Les feux sont les autres établissements ne remplissant pas au moins deux des critères ci-dessus énumérés.
Les premiers phares maritimes sont apparus dans l'Antiquité avec le développement de la marine. Tout comme les amers naturels (montagnes, volcans, etc.), les phares antiques servaient pour signaler la côte et plus généralement l'entrée d'un port.
Six phares jalonnent la côte française à la fin du XVIIe siècle, 15 en 1770, année où l'allumage se fait encore par un feu de bois sur la plateforme (on utilise jusqu'à 700 kilogrammes de bois par nuit sur le phare de Chassiron à Oléron), on ne l'allume pas toutes les nuits. Le plus souvent, ils ne sont allumés qu'à l'approche d'un navire. La Compagnie Tourville-Sangrain installe la première lampe à huile munie d'un réflecteur sur le phare de Sète. Ce procédé se répand rapidement (phare de Saint-Mathieu, ...). On compte 15 phares l'utilisant en 1775. Les phares sont munis d'un réflecteur en cuivre argenté. La portée du phare de Planier (Marseille) atteint 28 kilomètres par beau temps.

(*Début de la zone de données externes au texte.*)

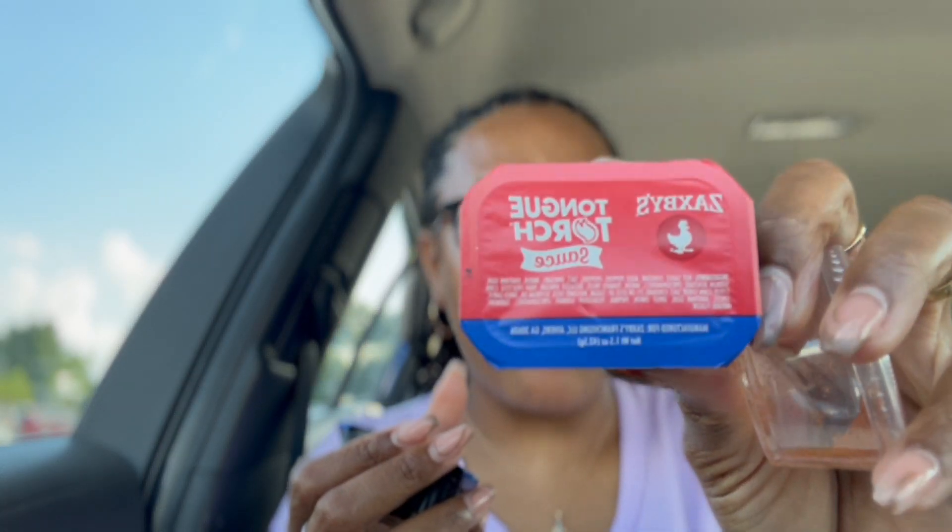You get two toast, fries, cheese curds, and four tenders. Oh, and you get a Feastable bar too. For me, you can't have Zaxby's without tongue torch sauce, so I always get tongue torch.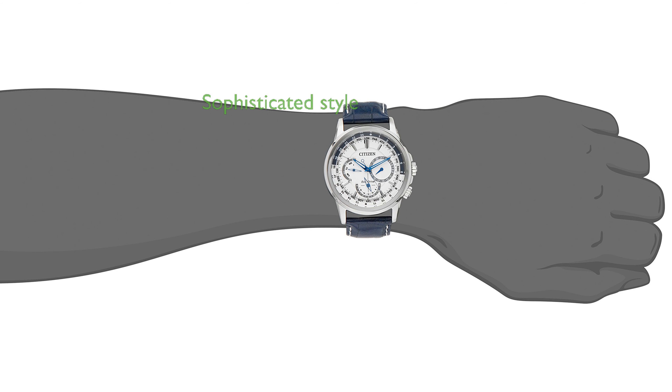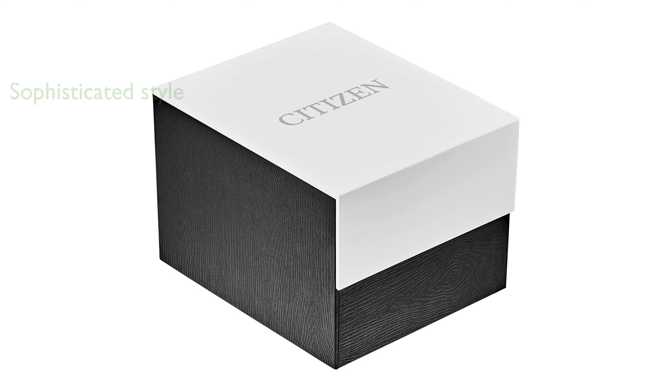The watch features a sophisticated design with a silver-toned stainless steel case and a striking blue croc-embossed leather strap. Its practical features include a 12-24-hour time format and a day-date display, ensuring you stay on track effortlessly.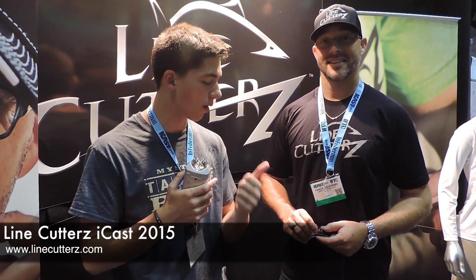Hey guys, welcome to another episode of Fishland West. I'm your host John B. We're here at the 2015 iCast at the Line Cutters booth, standing next to Vance Wright. He's going to tell us a little about Line Cutters and what they're doing to make fishing a lot easier.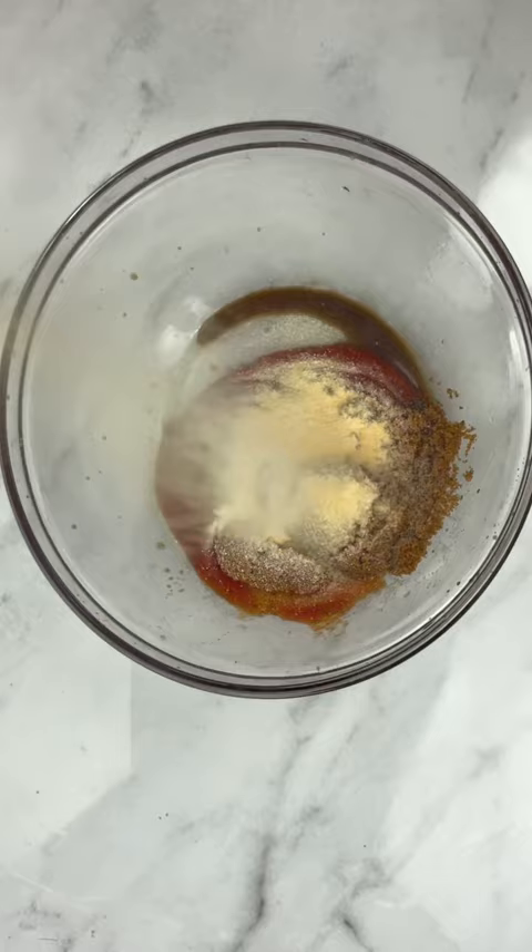Once that's in the oven, in a bowl add some ketchup or Worcestershire sauce, brown sugar, garlic powder, onion powder, and paprika. Put that all over our meatloaf.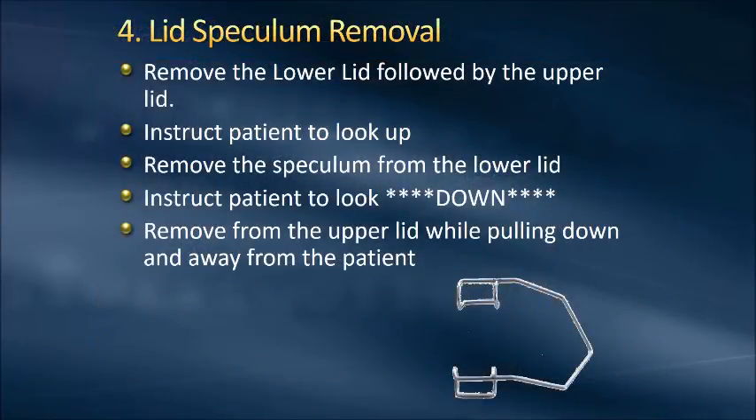The lid speculum removal is the fourth and final step. We're going to do it in the opposite order of the speculum insertion — removing the lower lid first. We instruct the patient to look up, remove the speculum from the lower lid, then instruct the patient to look down while we remove it from the upper lid. You really want to make sure you're getting the cornea out of the way so as you take that speculum out, you're not taking the membrane or the contact lens with it.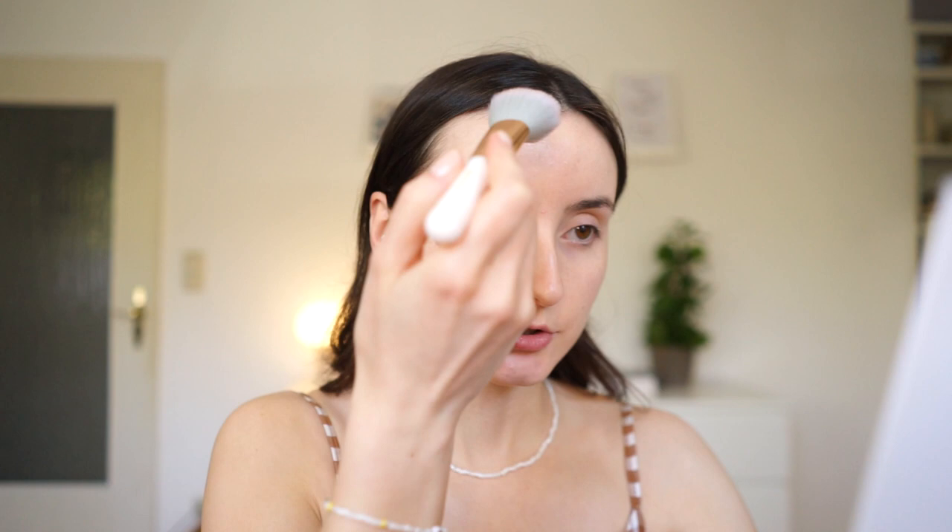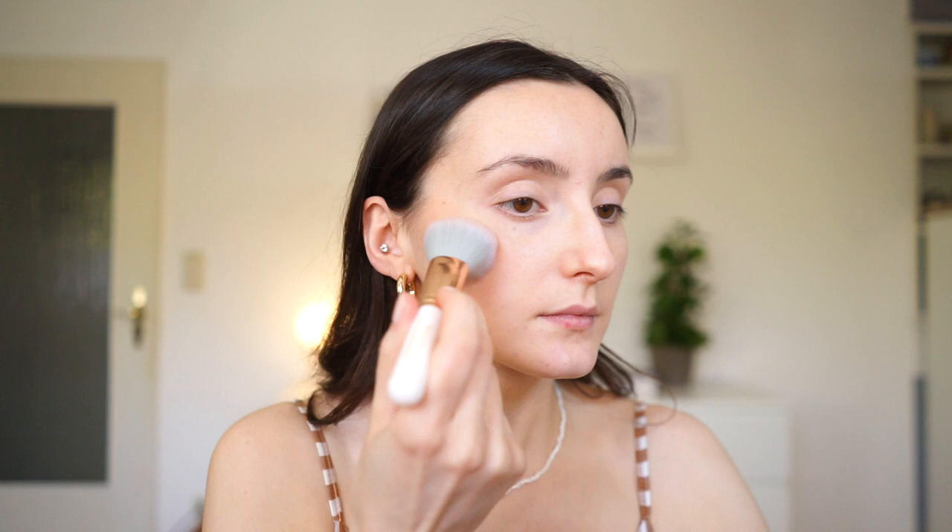Since Selena looked super bronzy and sunkissed, I'm going to go in with bronzer — generously, but not too much, or it won't match my body. I'll try to achieve as much of a golden glow as possible without it looking crazy. For this look, the best bronzer color to go for is something more cacao-colored, more brown than yellow — something a little more red-toned. It just mimics that actual sunkissed look, so something a little less yellow would be so flattering.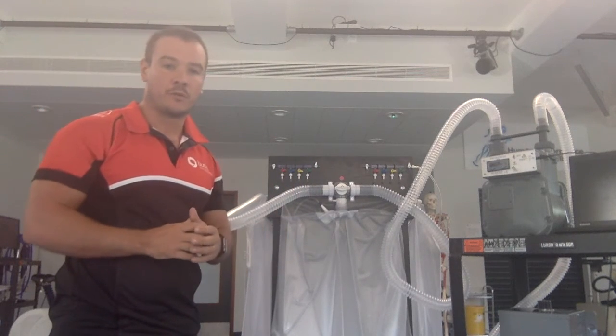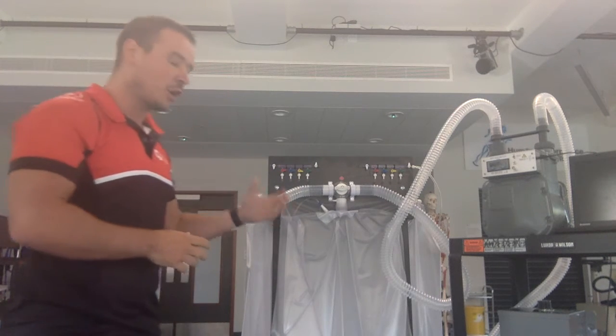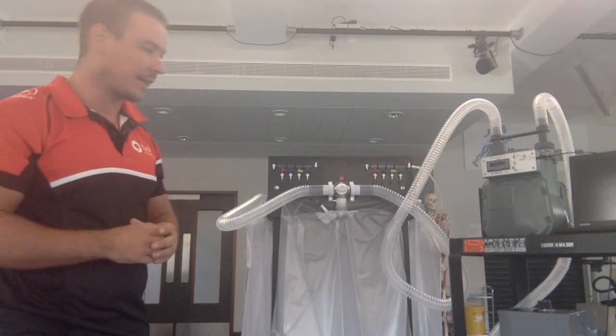If I want to empty all four bags, I can do this without switching the vacuum pump on and off each time — just open and close each bag as they empty.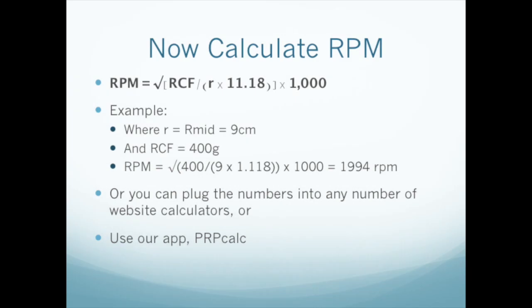And now we're finally ready to calculate the RPM setting for our centrifuge. Let's assume we're using a 45-degree fixed centrifuge for the first spin of a two-spin method. We've measured and calculated R-mid and found it to be 9 centimeters, and we have decided to use 400 G's of force. Entering these two values and solving the equation, we find that we need to set our centrifuge to 1,994 RPM. To make this even easier, you could use any of a number of RCF to RPM converters available on the internet, or you could use our app, PRPCALC, which is available free for Android or iPhone.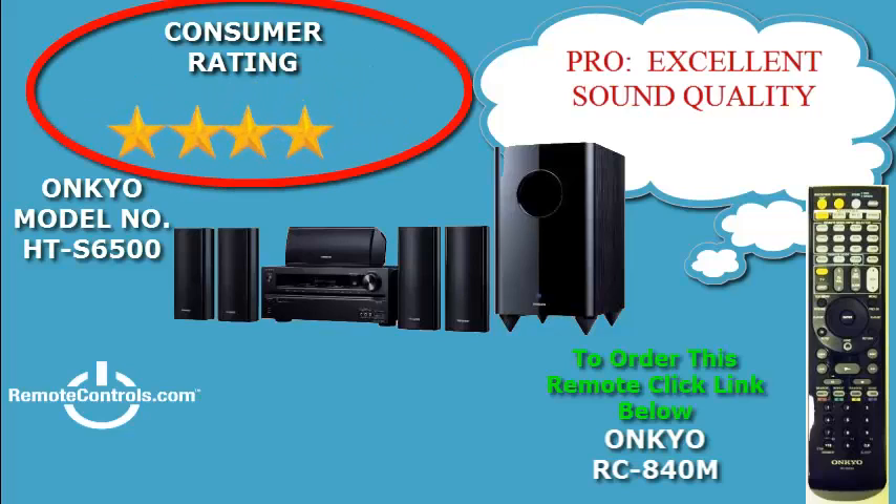Welcome and thanks for joining us for a review of the Ankyo HT-S6500 5.1 Channel Network Home Theater Package. The Ankyo S6500 has 770 watts of total power, has many features, and is simple to install and operate.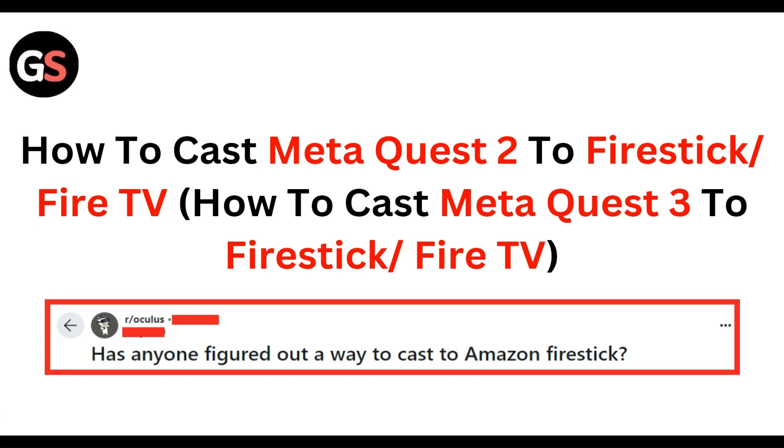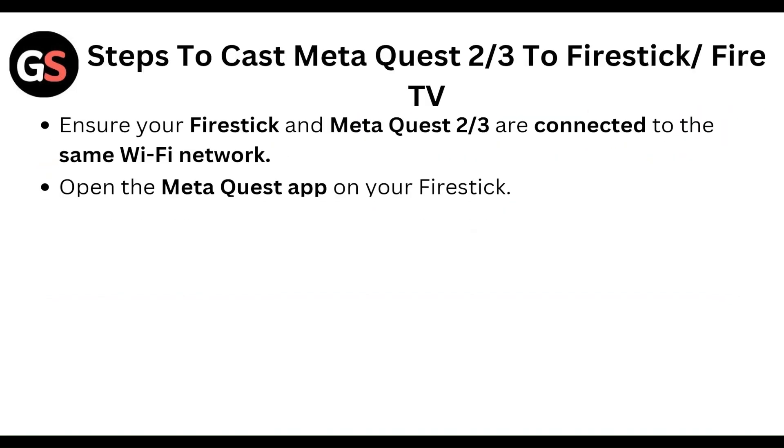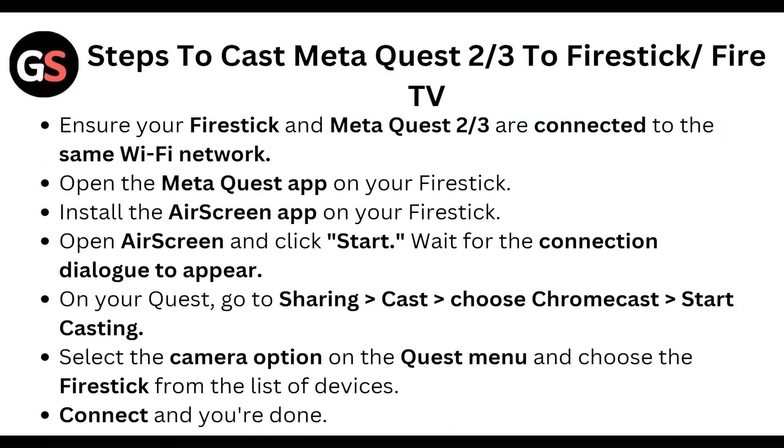So guys, we are going to discuss this step by step. First of all, ensure your Fire Stick and Meta Quest 2 or 3 are connected to the same Wi-Fi network.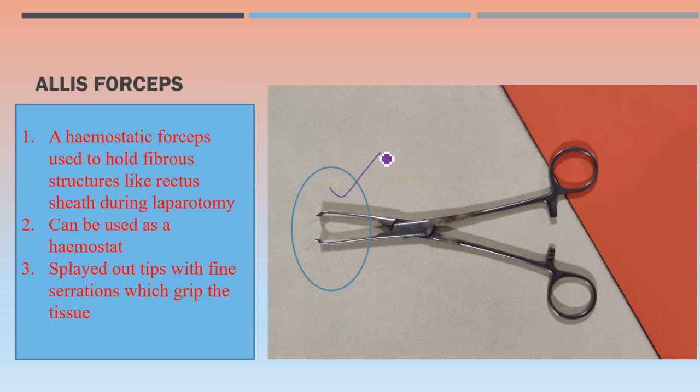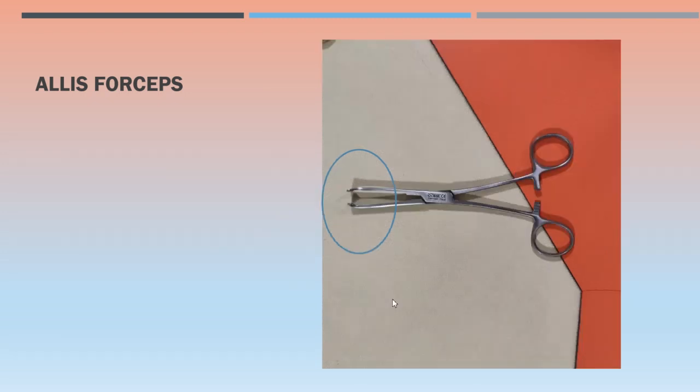Allis forceps — a very common instrument used as a hemostatic forceps. It can be used to hold fibrous structures like the rectus sheath during laparotomy. The splayed-out tips with fine serrations grip tissue very securely, so it is used for tougher structures. Allis forceps has a lock. For revision — instruments not having locks include: the listed sinus forceps, scissors, Desjardin forceps, and Randall stone holding forceps for removing kidney stones; Desjardin for removing common bile duct stones.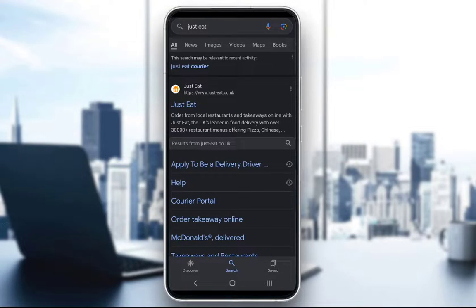Hey guys, what's going on? I hope you're all doing well and welcome to another tutorial video. In this video, what I'll be showing you how to do is how to actually add credit to your account via gift cards or vouchers on the Just Eat food ordering and delivery service in the UK. It's quite simple and easy so let's get right into it.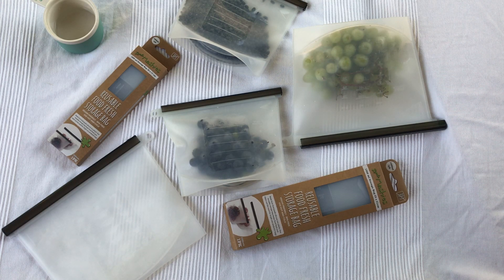They keep fresh produce fresher for longer. If you put your salad greens in there, cherry tomatoes, grapes, things like that, you'll find that your food is going to be fresh for a lot longer than if they were just in plastic bags or in the produce drawer. And that's why these bags are so incredibly amazing.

Les lampes à huile étant peu puissantes, on multiplie les mèches, mais le résultat est décevant (en 1782, le phare de Cordouan est muni de 84 mèches). Un mécanisme d'horlogerie entraînant le système optique pour réaliser un phare à éclat est utilisé pour la première fois au phare de Dieppe en 1787. En 1791, le phare de Cordouan est équipé de 12 miroirs paraboliques. C'est le plus puissant du monde.
En 1792, les phares et balises sont nationalisés mais restent affermés à la Compagnie Tourville-Sangrain. En 1811, les phares passent du Ministère de la marine au Ministère de l'intérieur. En 1813, François Arago et Augustin Fresnel amélioreront la puissance des lampes à huile en munissant les becs de mèches concentriques alimentées par de l'huile sous pression. Les plus puissantes consommeront jusqu'à 750 grammes d'huile à l'heure.
Lentilles de Fresnel : Fresnel pense que des lentilles sont plus adaptées que des miroirs pour concentrer la lumière. Cependant, des lentilles simples de grands diamètres et de courtes distances focales auraient un poids excessif, seraient peu lumineuses et poseraient des problèmes de dispersion des couleurs. D'où l'idée de lentilles à échelons. Fresnel, aidé de l'opticien Jean-Baptiste Soleil s'attache à leur construction pratique. La lumière émise par la lampe à l'horizontale est concentrée et la lumière émise en haut et en bas est rabattue vers l'horizon par des miroirs. Testé à Paris en août 1822, on peut observer la lumière à 32 kilomètres de là. Le système est installé le 20 juillet 1823 au phare de Cordouan. Les marins sont enthousiastes et un programme général d'éclairage des côtes françaises est lancé. Ainsi, 28 phares de premier ordre (60 km de portée), 5 de second ordre (40 km) et 18 du troisième ordre (28 km), et quelques autres sont construits. En 1843, les miroirs destinés à rabattre la lumière sont remplacés par des prismes annulaires. En 1850, il y a 58 phares sur les côtes françaises. Le nombre de naufrages décroit fortement (en France, il passe de 161 par an à 39 entre 1816 et 1831). À la même époque, on compte 126 phares au Royaume-Uni et 138 aux États-Unis. La plupart sont équipés de lentilles de Fresnel.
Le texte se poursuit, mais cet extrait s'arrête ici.